* **SOURCE INFORMATION**:
- Opening Delimiter -
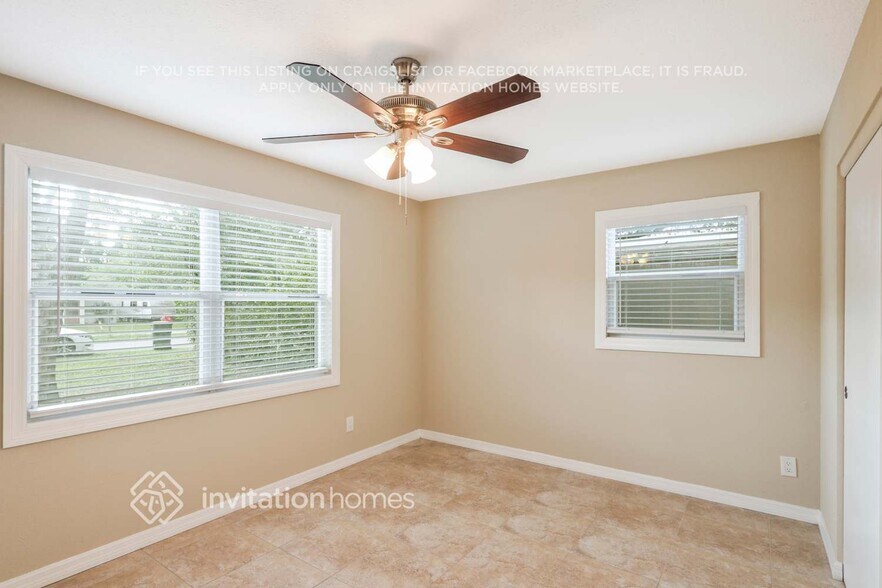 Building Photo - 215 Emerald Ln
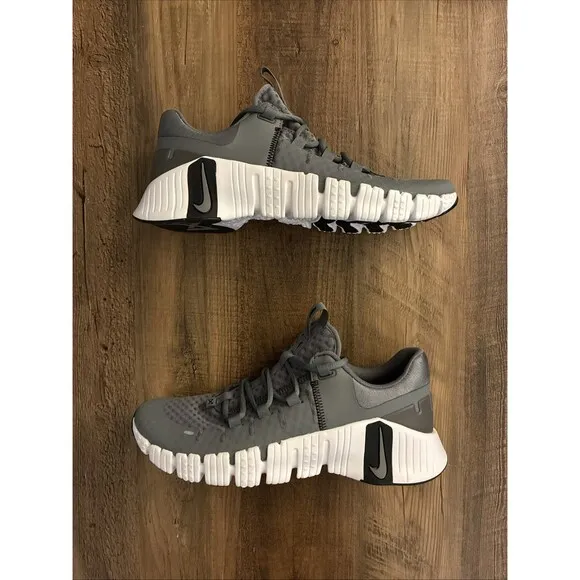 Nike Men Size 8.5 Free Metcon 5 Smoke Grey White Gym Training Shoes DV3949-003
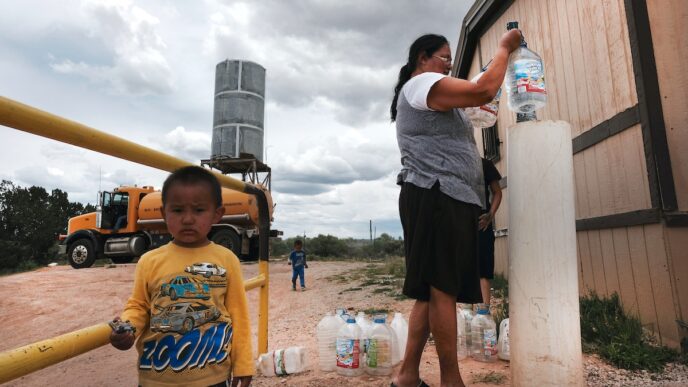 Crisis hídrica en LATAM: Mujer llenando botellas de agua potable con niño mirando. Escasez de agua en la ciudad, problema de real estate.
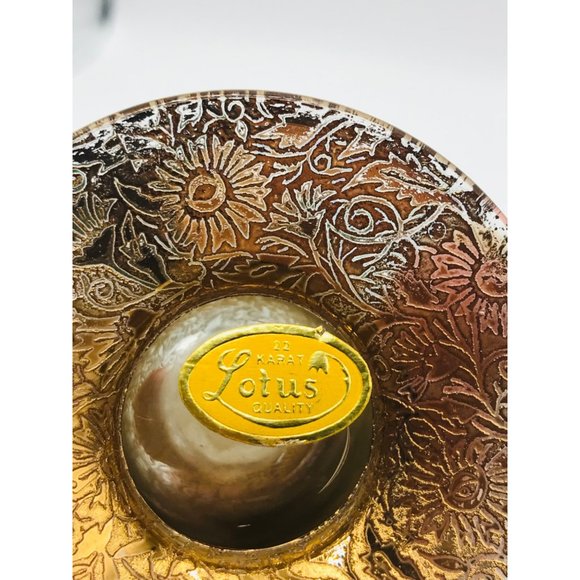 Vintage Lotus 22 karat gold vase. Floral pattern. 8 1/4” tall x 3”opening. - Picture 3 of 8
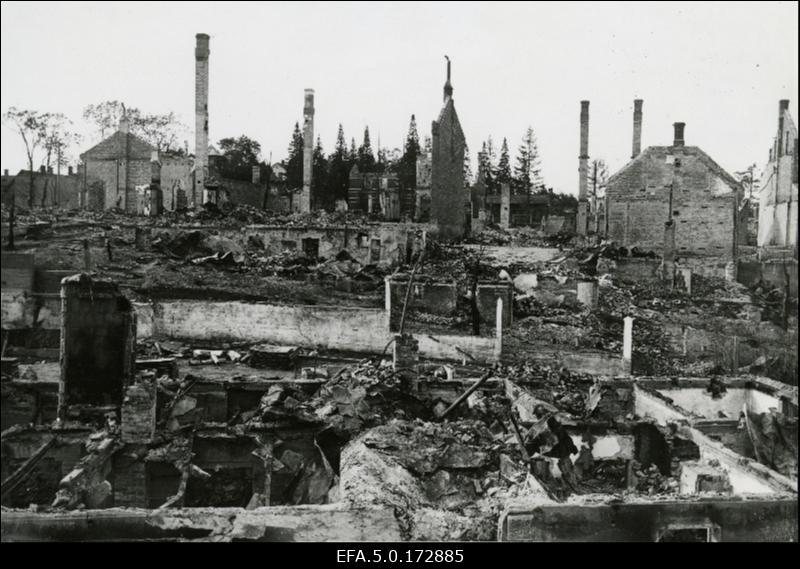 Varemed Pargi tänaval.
- Closing Delimiter -
Could you set down, exactly as written, every line from the start of the records above through the line containing "Crisis hídrica en", leaving the pictures out?

* **PROBLEM SOLUTION**:
 Building Photo - 215 Emerald Ln
 Nike Men Size 8.5 Free Metcon 5 Smoke Grey White Gym Training Shoes DV3949-003
 Crisis hídrica en LATAM: Mujer llenando botellas de agua potable con niño mirando. Escasez de agua en la ciudad, problema de real estate.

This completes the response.